The story takes on a deeper, more complex dimension when David is killed in a car accident at the age of four, leaving behind a family marred by grief. What ensues from this point on is a suspenseful and dramatic account of how children and parents cope with loss. In an eerie twist of plot, Sarah believes she can communicate with David in heaven, a fantasy that Heather, in her grief, dangerously encourages. A tug-of-war of sorts ensues between the sisters, as Erica struggles to win Sarah back from the mythical world she and Heather have constructed. It is a fight to put the past where it belongs: in the past.

As New Year's Eve demonstrates, it is not an easy battle. Literally and metaphorically, Grunwald shows how the past can haunt us, the way it wields a singular power over the present, a power from which only the future can - perhaps - provide release. Her insights into the complexity of relationships, and the mentality of children are impressive.
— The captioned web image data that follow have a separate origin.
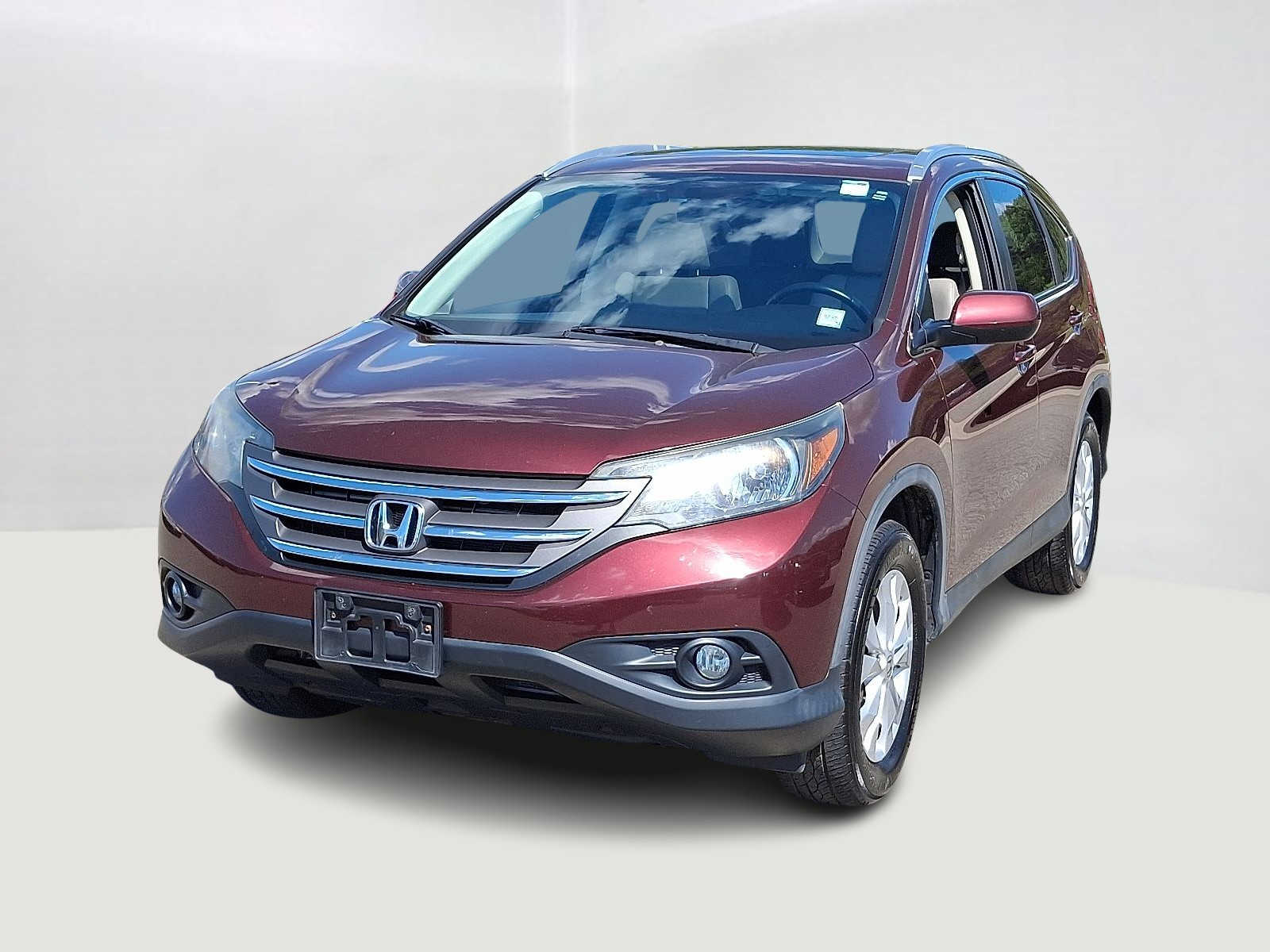 2014 Honda CR-V  -
                  Wappingers Falls, NY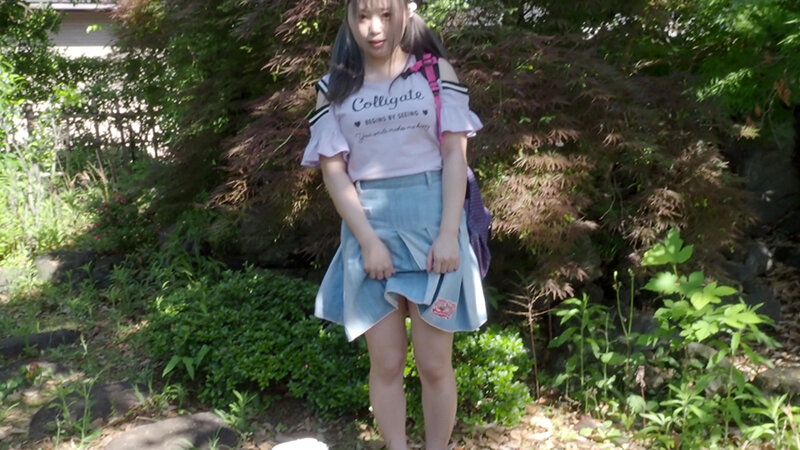 ACZ-182 第 9 部分 - 62 分钟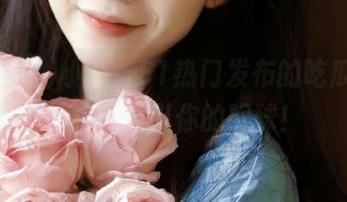 小心，51热门发布的吃瓜视频，疯狂吸引你的眼球！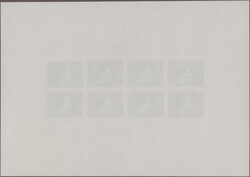 Swap image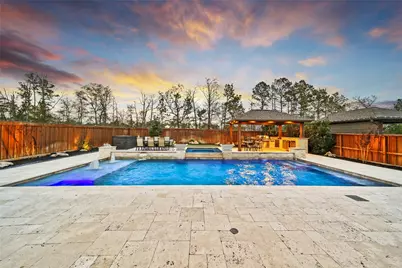 28033 Woodland Bend Way, Spring, TX 77386 - Photo 45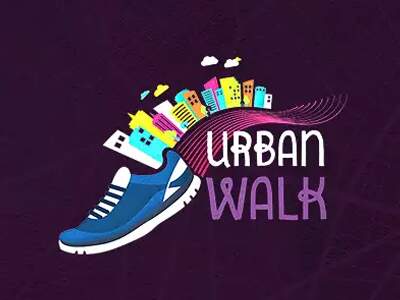 Urban Walk 2022 - Caminhada e Corrida - Rio de Janeiro
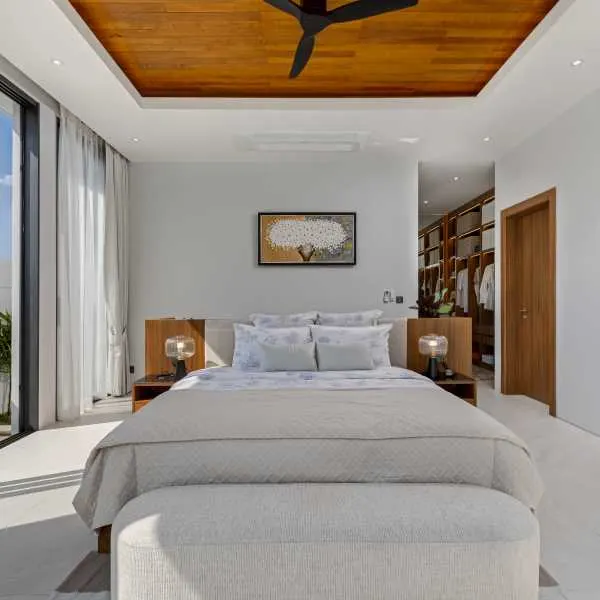 Property image - gallery 40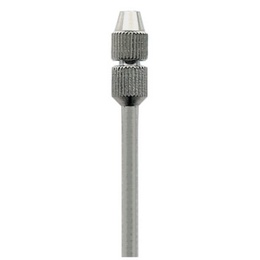 FG to PM Adapter Set - 6 Pieces for Dental Handpieces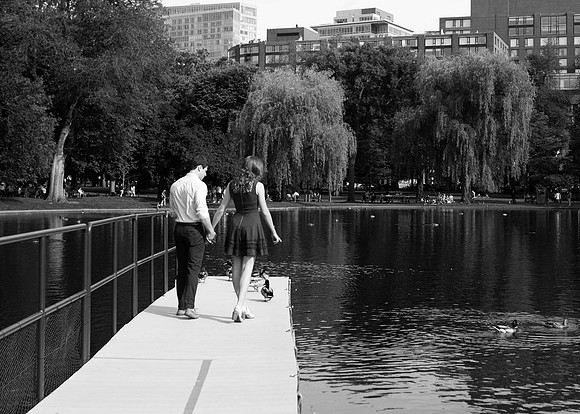 Melissa&Evan0100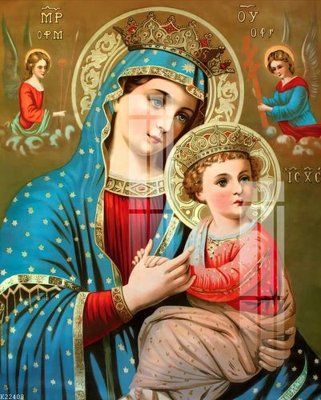 Ảnh mô tả file gốc in mica File gốc in tranh tổng hợp K22408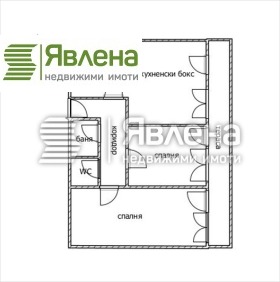  3- | Imot.bg    7
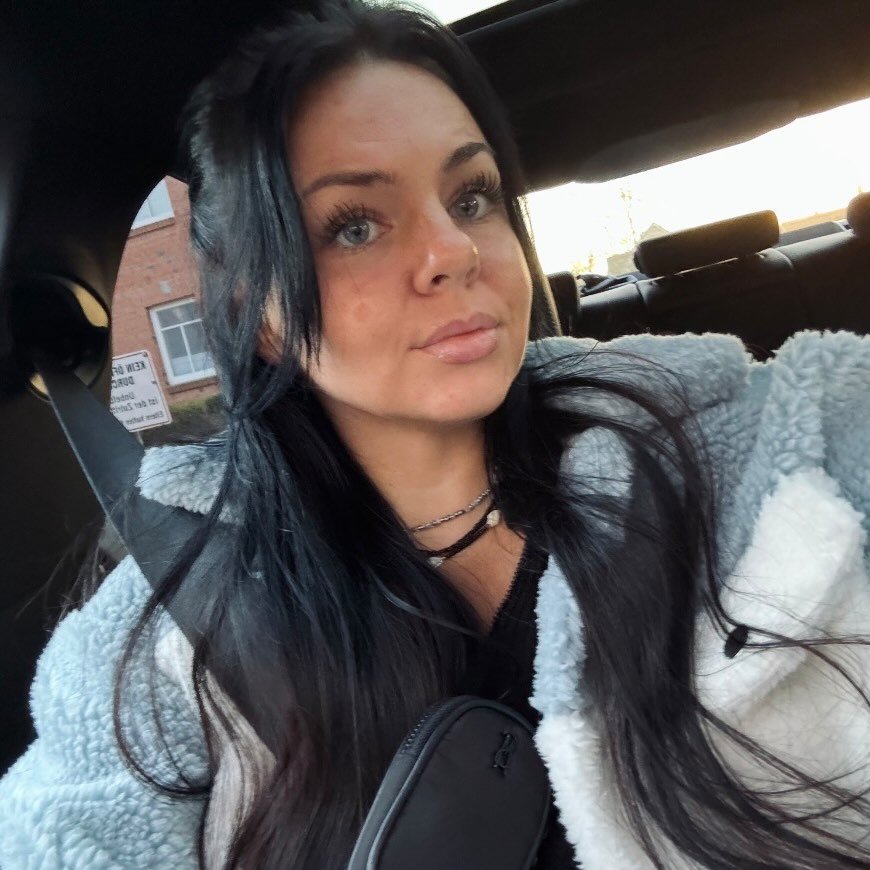 Instagram Profilbild von jana_filter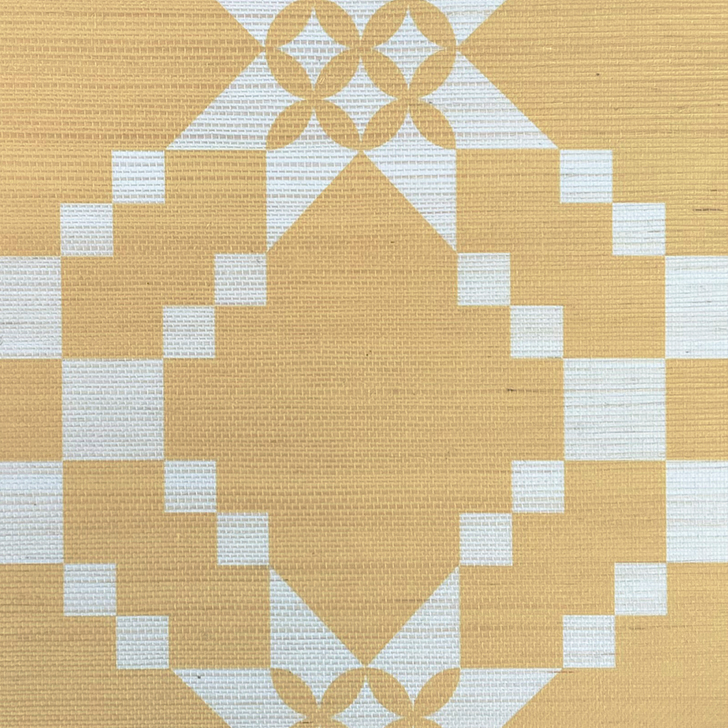 Happy Quilt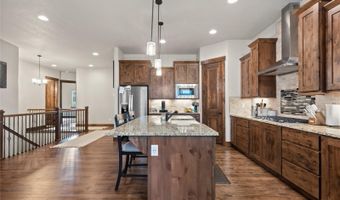 2794 Heron Lakes Pkwy, Berthoud, CO 80513
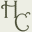 holyclothing.com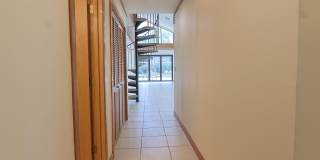 620 Hastings Street Gallery 11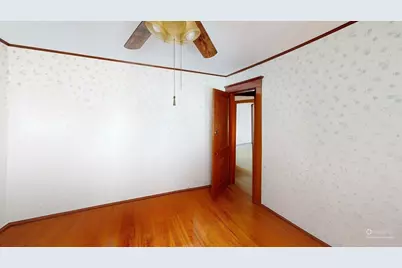 227 Common St, Watertown, MA 02472 - Photo 13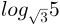 0601vw0n-94f0-60x24.png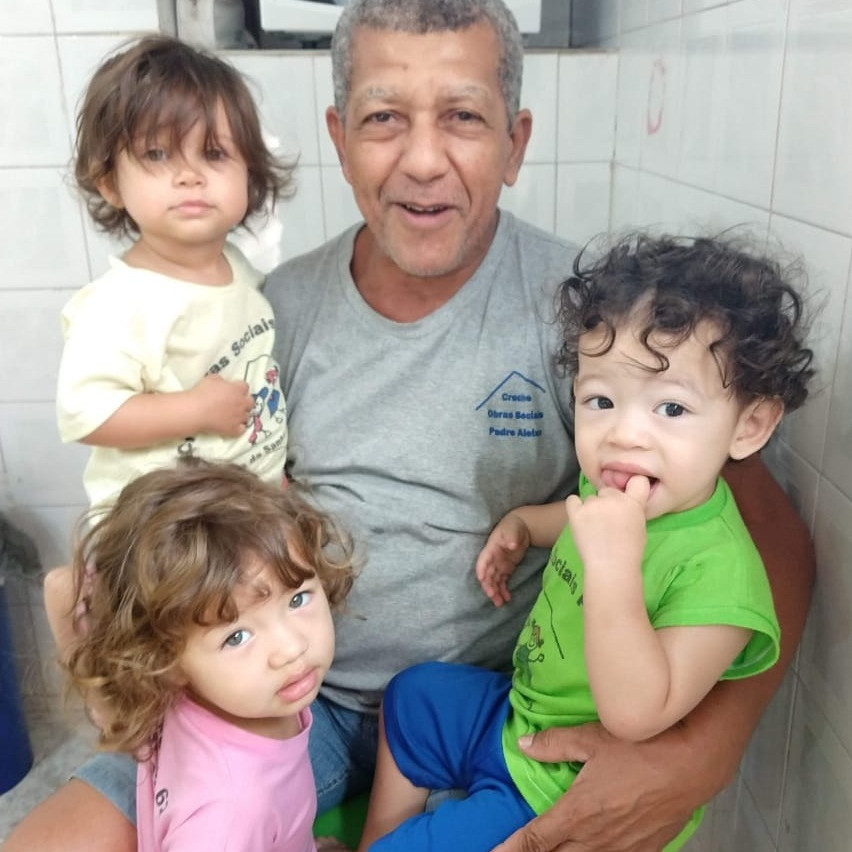 WhatsApp%2520Image%25202020-09-25%2520at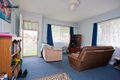 Property photo of 48 Ellen Street Woody Point QLD 4019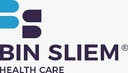 شركة عالم الغذاء والدواء, Salman Ibrahim Hamad Bin Sulayem & Partners Co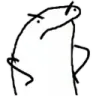 Emoji EmoteWhat
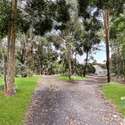 45 Arbuthnots Road, Tarwin Lower, VIC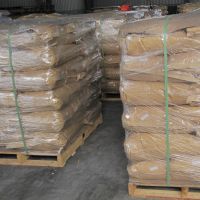 Selling  Triglycidyl Isocyanurate (Powder Coating Grade)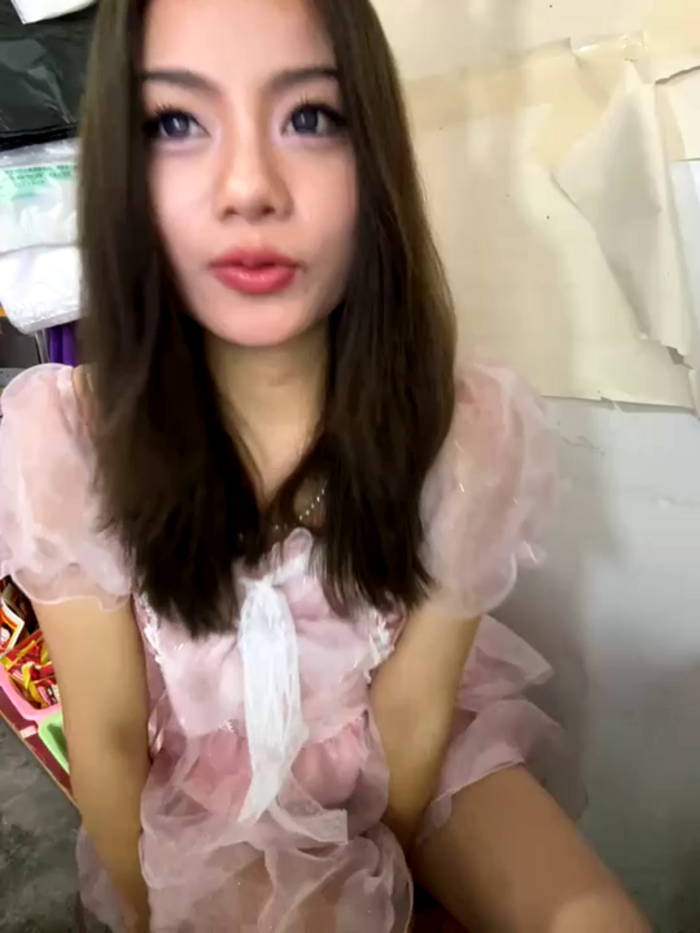 Asia-Melody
Though her dialogue is sharp and snappy, it sometimes fails to do justice to the gravity of the narrative - a shame, because about 75 percent of this novel is dialogue. The book has a spliced, dicey structure that is apropos for a narrator blinded by the flashbulb of nostalgia, who presents the past as she perceives it - in a series of quick cuts and images. But density is sacrificed, as a result, and, ultimately, the story feels weightless.

Despite the ghostly pyrotechnics, Lisa Grunwald's latest novel is a surface read, a fast fling. For readers seeking density and resonance, New Year's Eve will hardly be a reason to celebrate. MEMO: Julie Hale is a writer who lives in Norfolk.